Die Kraft der literarischen Vorlage hat zahlreiche Künstler animiert, sich mit Tschick auseinanderzusetzen. Die Bühnenfassung von Robert Koall, die 2011 am Staatsschauspiel Dresden uraufgeführt wurde, war in den vergangenen Jahren in mehr als 50 Theatern zu sehen. Das Theater Hagen plant für März 2017 die Uraufführung einer Opernfassung von Tschick.

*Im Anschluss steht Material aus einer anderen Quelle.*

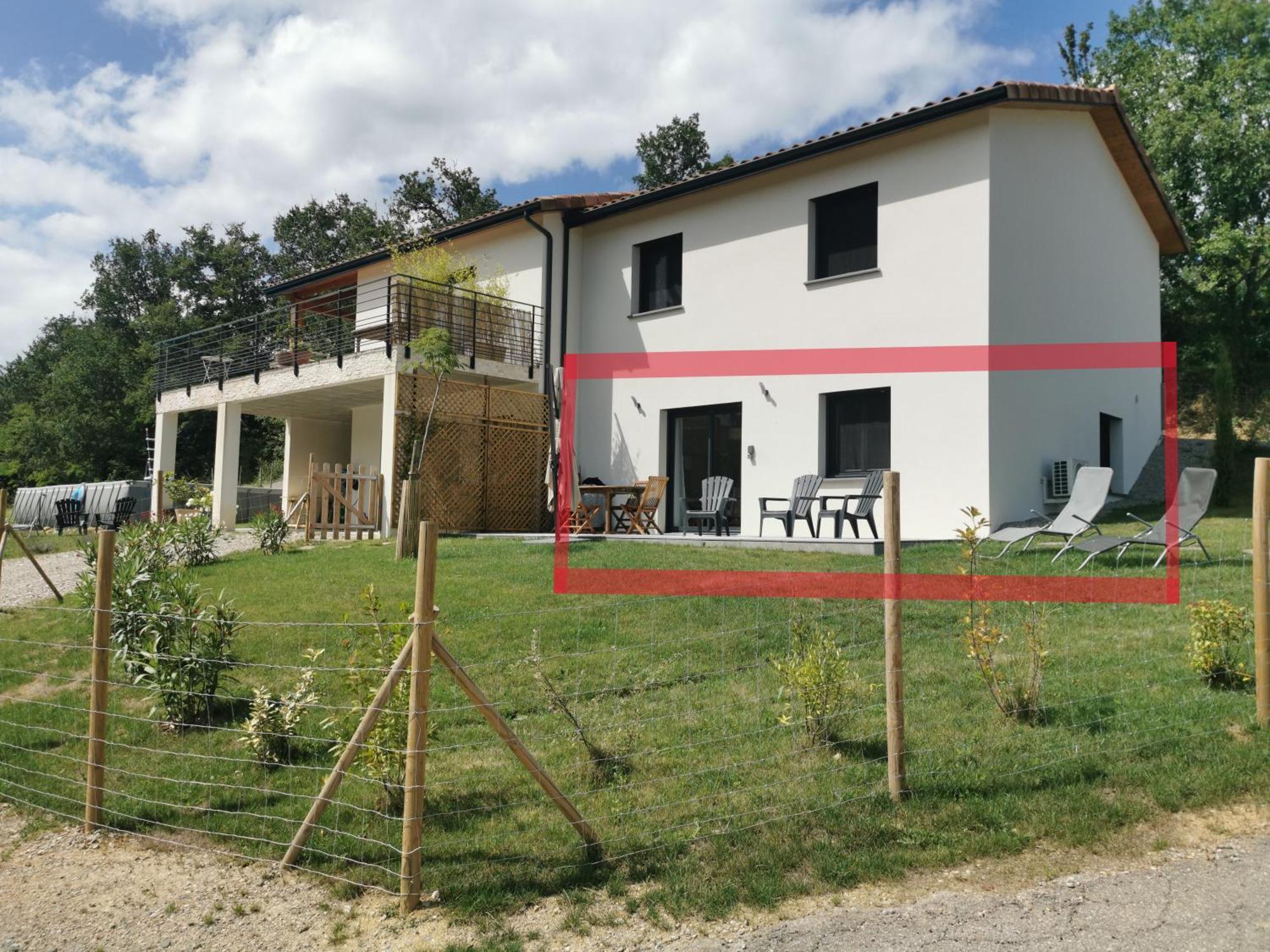 Gite La Coumette - Classe 3 Etoiles Villa Crampagna Luaran gambar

Für ihre Illustrationen von „Tschick“ hat Laura Olschok den Gestalterpreis der Büchergilde erhalten Für ihre Illustrationen von „Tschick“ hat Laura Olschok den Gestalterpreis der Büchergilde erhalten | Foto: © Martin Mascheski/Edition Büchergilde Im Juni 2016 ist zudem eine herausragend illustrierte Buchausgabe von Tschick in der Edition Büchergilde erschienen. Die junge Illustratorin Laura Olschok wurde dafür mit dem Gestalterpreis 2016 der Büchergilde ausgezeichnet. „Ich kannte den Roman vorher nicht, lediglich der Titel kam mir bekannt vor“, erinnert sie sich. Doch schon Olschoks minimalistisches und stilsicheres Cover überzeugt. Auf schwarzen Hintergrund hat sie eine Landkarte mit Straßen, Bäumen und Häusern gezeichnet. Gleich mehrfach zu sehen ist der gestohlene hellblaue Lada, mit dem Maik und Tschick eine Woche lang die deutsche Provinz erkunden. „Die Geschichte von Tschick ist so aussagekräftig, dass ich bei jeder Szene sofort ein Bild im Kopf hatte“, sagt Olschok.

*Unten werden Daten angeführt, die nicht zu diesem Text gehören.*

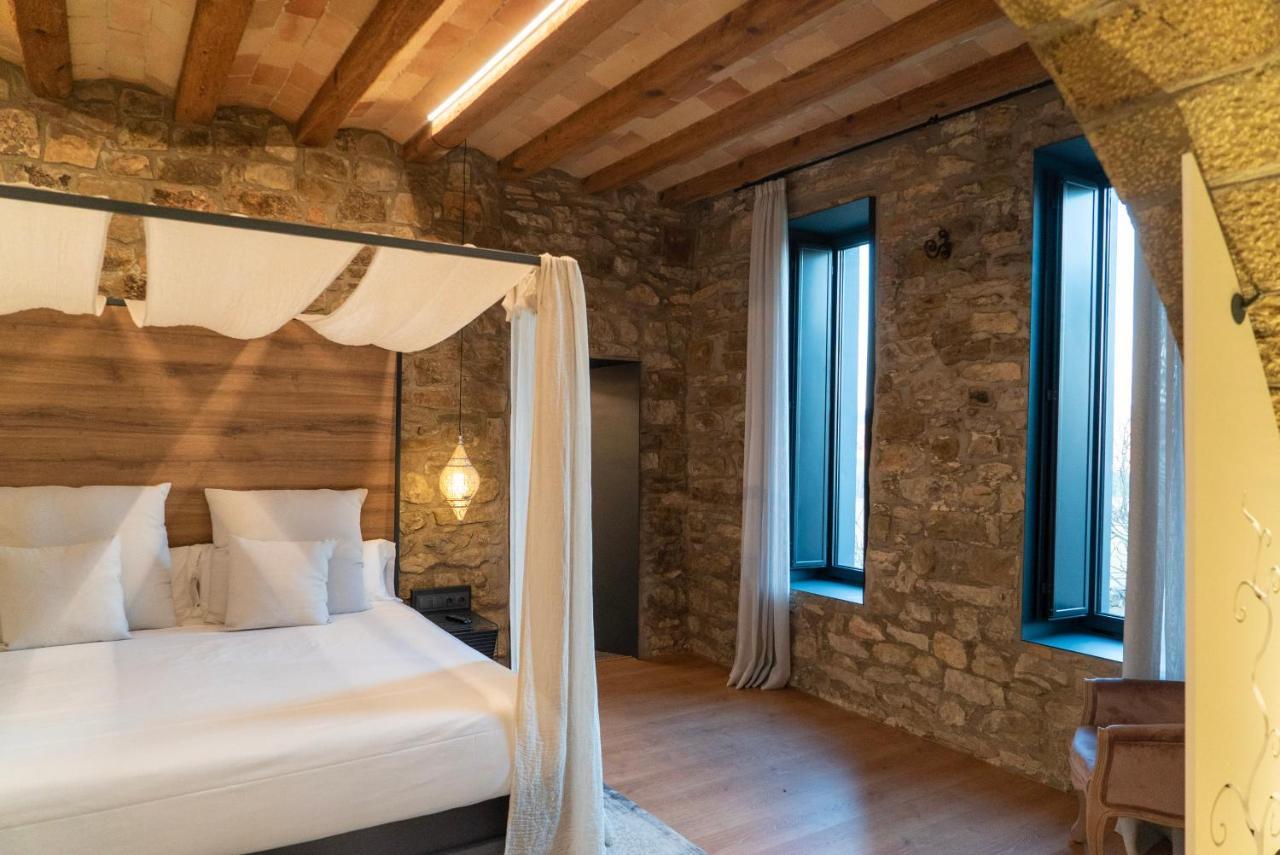 Les Quingles Hotel Calders Luaran gambar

„Danach wusste ich: Das will ich verfilmen“

Auch zum Hören gibt es mehrere Fassungen von Tschick. Das im Argon-Verlag erschienene Hörbuch liest Schauspieler Hanno Koffler spontan und lebendig. Bei Rowohlt erscheinen zum Kinostart außerdem mehrere Bücher und E-Books über den Erfolgsroman und seinen Autor. Wann hat es ‚Tschick‘ gemacht? versammelt erstmals alle schriftlich erhaltenen Interviews mit Wolfgang Herrndorf. Tschick – Das Drehbuch von Lars Hubrich mit der vollständigen Drehbuchfassung und einem Beitrag von Fatih Akin ist ab September 2016 erhältlich.

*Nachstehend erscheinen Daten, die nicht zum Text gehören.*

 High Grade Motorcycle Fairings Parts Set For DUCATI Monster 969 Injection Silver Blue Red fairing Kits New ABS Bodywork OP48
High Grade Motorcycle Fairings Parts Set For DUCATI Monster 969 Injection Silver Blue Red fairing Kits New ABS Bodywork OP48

Tschick – Das Buch zum Film enthält zusätzlich zum Romantext Materialien und Fotos aus dem Film und einen Aufsatz des Filmwissenschaftlers Michael Töteberg, der die Rowohlt Agentur für Medienrechte leitet. Abgedruckt ist auch ein Gespräch von Töteberg mit Fatih Akin: „Es gibt zwei, drei Schlüsselsequenzen im Roman, danach wusste ich: Das will ich verfilmen“, sagt Akin darin. Und: „Nachdem ich Arbeit und Struktur gelesen hatte, habe ich begriffen, was für ein Cineast Wolfgang Herrndorf war.“

Sich freimachen von der literarischen Vorlage

Die Dreharbeiten liefen im Spätsommer 2015 in Berlin, Brandenburg und an weiteren Orten. Maik ist in fast jeder Szene präsent, in kurzen Szenen sind zudem seine Tagträume zu sehen. Bisweilen hört man seine Stimme aus dem Off. „Im Schneideraum haben wir ausprobiert, ganz gezielt an bestimmten Stellen Voice-Over einzusetzen“, sagt Akin über diese Technik. „Danach war auch ich überzeugt: Jetzt ist der Film fertig, jetzt hat er Seele.“

Die redaktionelle Federführung der Koproduktion mehrerer öffentlich-rechtlicher Sender liegt beim Bayerischen Rundfunk. „Tschick ist eines der größten Literaturphänomene der vergangenen zehn Jahre“, sagen Cornelius Conrad und Cornelia Ackers aus der Redaktion Kinderfilm. Die Verfilmung sei auch für die ARD ein spannendes Projekt. „Wegen der Besonderheit dieses Stoffes wollten wir den Film gemeinsam mit Fatih Akin realisieren, einem einzigartigen Regisseur und einem der wenigen deutschen Filmemacher von internationalem Renommee.“

Wolfgang Herrndorfs Ideal von Literaturverfilmungen war, sich freizumachen von der Vorlage. Ob das gelungen ist, davon können sich Zuschauer ab dem 15. September 2016 in Deutschland und anschließend in weiteren Ländern ein Bild machen.